# Website link building, how?



## 321go (Aug 13, 2011)

hi guys. Iv just submitted my site to google and the shopping directories, but i have no idea about link building. how exactly does it work? do websites just have a page filled with website urls? because iv not seen any other than those annoying porn affiliate sites that lead you round in circles without so much as giving you one free video 
How do i go about getting my link on good sites? do i just email and ask them to add my url somewhere?

Thanks. Dan


----------



## gruntstyle (Aug 11, 2009)

This actually takes a bit of time and dedication. Your goal is to get higher ranked websites than yours to carry your link. It takes a few weeks or even months in some cases for major search engines to pick that up. use Alexa rankings or google page rankings to figure out who has great rankings that should carry your link. Bloggers are an easy way to start. send them some free stuff and samples and ask them to blogg about it. Ive done this several times. 

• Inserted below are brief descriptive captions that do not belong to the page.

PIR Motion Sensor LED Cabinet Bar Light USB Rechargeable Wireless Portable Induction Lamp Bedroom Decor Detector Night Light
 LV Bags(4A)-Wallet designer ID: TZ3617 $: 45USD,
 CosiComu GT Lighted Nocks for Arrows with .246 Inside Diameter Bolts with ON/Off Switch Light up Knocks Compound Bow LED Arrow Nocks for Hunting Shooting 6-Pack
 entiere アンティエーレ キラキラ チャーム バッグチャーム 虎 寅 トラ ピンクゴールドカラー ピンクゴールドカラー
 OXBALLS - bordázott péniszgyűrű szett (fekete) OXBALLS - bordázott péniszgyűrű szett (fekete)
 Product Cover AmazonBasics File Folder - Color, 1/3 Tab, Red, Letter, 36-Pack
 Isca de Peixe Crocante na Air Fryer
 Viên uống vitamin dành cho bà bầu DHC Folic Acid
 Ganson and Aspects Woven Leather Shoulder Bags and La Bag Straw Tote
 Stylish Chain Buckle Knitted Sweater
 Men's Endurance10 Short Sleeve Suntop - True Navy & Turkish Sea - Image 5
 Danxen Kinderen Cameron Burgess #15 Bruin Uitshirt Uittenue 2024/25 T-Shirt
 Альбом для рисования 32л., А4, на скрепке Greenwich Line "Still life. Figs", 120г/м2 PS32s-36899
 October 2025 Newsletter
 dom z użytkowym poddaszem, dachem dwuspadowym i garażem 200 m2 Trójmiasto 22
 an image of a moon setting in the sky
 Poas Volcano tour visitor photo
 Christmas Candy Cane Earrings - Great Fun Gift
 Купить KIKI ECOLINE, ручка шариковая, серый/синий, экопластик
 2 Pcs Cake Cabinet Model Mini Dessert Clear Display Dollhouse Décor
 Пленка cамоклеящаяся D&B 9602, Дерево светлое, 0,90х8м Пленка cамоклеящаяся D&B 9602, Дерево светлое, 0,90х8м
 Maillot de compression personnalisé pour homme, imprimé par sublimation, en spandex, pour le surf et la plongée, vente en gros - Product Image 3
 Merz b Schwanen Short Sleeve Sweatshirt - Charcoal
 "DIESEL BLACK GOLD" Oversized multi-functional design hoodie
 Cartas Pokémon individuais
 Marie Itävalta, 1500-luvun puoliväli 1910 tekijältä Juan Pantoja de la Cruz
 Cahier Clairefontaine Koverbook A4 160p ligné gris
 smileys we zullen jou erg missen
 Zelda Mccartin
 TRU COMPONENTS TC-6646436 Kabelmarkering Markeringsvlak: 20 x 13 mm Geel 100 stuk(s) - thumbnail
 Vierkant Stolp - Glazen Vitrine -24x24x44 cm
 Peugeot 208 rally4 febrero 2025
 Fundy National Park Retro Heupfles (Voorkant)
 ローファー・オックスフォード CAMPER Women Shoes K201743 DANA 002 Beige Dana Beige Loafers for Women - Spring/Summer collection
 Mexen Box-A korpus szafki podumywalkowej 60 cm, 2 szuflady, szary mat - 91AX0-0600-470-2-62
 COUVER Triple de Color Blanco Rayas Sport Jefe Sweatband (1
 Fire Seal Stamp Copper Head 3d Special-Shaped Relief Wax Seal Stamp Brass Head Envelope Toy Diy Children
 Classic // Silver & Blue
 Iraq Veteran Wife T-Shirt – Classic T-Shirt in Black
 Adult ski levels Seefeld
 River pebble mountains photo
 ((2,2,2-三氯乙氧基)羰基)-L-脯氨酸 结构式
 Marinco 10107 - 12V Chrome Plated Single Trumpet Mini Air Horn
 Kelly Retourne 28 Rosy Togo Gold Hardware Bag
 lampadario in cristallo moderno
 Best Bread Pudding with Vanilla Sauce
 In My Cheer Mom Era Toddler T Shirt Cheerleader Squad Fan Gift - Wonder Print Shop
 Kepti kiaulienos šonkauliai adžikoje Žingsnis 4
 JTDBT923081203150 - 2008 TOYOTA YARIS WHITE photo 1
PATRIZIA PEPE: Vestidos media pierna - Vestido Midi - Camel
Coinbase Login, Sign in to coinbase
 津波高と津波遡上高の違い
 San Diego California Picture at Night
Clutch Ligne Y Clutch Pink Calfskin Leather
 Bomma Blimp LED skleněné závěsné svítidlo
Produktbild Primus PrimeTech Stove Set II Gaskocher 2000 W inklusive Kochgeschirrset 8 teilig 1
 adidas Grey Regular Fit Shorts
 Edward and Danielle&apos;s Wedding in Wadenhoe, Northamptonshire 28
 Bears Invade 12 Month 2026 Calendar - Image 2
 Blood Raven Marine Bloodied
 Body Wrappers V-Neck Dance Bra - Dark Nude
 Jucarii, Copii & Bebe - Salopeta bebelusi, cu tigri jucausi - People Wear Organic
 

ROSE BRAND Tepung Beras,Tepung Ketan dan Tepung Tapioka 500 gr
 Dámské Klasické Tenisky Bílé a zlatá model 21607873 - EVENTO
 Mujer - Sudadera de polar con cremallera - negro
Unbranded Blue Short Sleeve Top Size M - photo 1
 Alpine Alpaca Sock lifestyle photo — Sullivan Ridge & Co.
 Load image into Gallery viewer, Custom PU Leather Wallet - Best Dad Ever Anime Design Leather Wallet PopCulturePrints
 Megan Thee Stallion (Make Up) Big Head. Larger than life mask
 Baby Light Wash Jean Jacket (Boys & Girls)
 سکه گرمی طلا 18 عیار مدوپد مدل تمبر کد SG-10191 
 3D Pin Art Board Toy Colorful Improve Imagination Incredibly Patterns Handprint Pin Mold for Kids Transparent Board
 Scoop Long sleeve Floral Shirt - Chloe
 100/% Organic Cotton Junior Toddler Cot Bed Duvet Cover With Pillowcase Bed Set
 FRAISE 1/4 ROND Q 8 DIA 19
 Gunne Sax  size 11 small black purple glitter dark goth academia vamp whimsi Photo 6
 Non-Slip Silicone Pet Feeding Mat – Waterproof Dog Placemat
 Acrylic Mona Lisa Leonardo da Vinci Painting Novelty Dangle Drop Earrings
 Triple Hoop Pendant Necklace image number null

This forum will actually be concidered as a backlink.


----------



## 321go (Aug 13, 2011)

gruntstyle said:


> This actually takes a bit of time and dedication. Your goal is to get higher ranked websites than yours to carry your link. It takes a few weeks or even months in some cases for major search engines to pick that up. use Alexa rankings or google page rankings to figure out who has great rankings that should carry your link. Bloggers are an easy way to start. send them some free stuff and samples and ask them to blogg about it. Ive done this several times.
> 
> This forum will actually be concidered as a backlink.


 awesome, thankyou! i dont really know anything about blogs, how would i go about finding a good blogger? should i just google uk bloggers and go from there?


----------



## gruntstyle (Aug 11, 2009)

You'll want to stick to bloggers that have your audience, so they can even send you traffic. The bloggers will want to get something that will keep or grow their audience. They're in business too. So if you are in the UK, having UK bloggers would be more effective. Start with a list of 50 bloggers that are relevant to you. Send them an email saying that you want to send them a free product and ask if they could write a review on it, and speak their mind about it (so you better have a good product). Some of them will respond, and some of those will love to do this.


----------



## 321go (Aug 13, 2011)

thanks a bunch, i finally understand now 
Although giving away 50 t shirts would cripple me and put me out of business, i can start with a few and then go from there. thanks alot mate!


----------



## gruntstyle (Aug 11, 2009)

Start with having links in your signature. This is considered a back link.


----------



## jayell (Dec 1, 2011)

Backlinks work *best* when you have high-ranked websites that have been up & running for a while that are the same business as you are having links from their site(s) to yours...
but the more websites that have links to your website the better...you can make backlinks from adding a link to your website in your signature on forums, links from blog comments (some people consider that spamming though) and you can also use IBP-Internet Business Promoter which will automatically submit your website and all of it's pages to every search engine you want it to...


----------



## bengbeng13 (Nov 9, 2009)

Hi Dan,

I have been learning about SEO also, and link building though time consuming, is actually fun, enriching(as you have to build content) and worthwhile doing. 

You can go research online more on SEO too, it will help in your education. I personally recommend SEOMOZ, you can google for them, i like it because its like what T-Shirt forum is, having a forum community on SEO with experts sharing. 

All the best to your link building , update us on your progress on what works and what doesn't. : ) 

Oh, when you build links, you should have an anchor text, instead of just showing the website url, because url means nothing to the google bots , while anchor text will explain it to the bots. You can google on anchor text for more info too : )

Cheers mate


----------



## KabirC (Aug 29, 2011)

I remember when I started to learn SEO a few years ago, the times have certainly changed. It is no longer how many backlinks you have, rather the quality of them and the PR of the page you are getting them from. Google doesn't care if you have millions of backlinks, well actually some studies have shown that Google devalues your site then, rather Google wants you to have high quality backlinks that have the anchor text as your keyword so that they trust your site.


----------



## EnMartian (Feb 14, 2008)

One thing to remember is that slow and steady wins the race. There are companies and sites out there that will promise you tons of backlinks overnight. This is a bad idea. Paying for links will not help you and in some cases Google will penalize you for it.


----------



## KabirC (Aug 29, 2011)

EnMartian said:


> One thing to remember is that slow and steady wins the race. There are companies and sites out there that will promise you tons of backlinks overnight. This is a bad idea. Paying for links will not help you and in some cases Google will penalize you for it.


Never go for those packages that say they will give you 100000 backlinks that you get as a comment on your blog, they are using a tool called Xrumer to do this and it will have a negative impact on your site. I don't know how much other SEO pro's charge but I charge around $2000 a month to get and maintain rankings so if you are looking for a professional to do that work for you make sure you investigate what they have done for other sites and if they come off as shady in any way, because if they do anything blackhat your site could be deindexed from Google before you know it and you would have to start a whole new site!


----------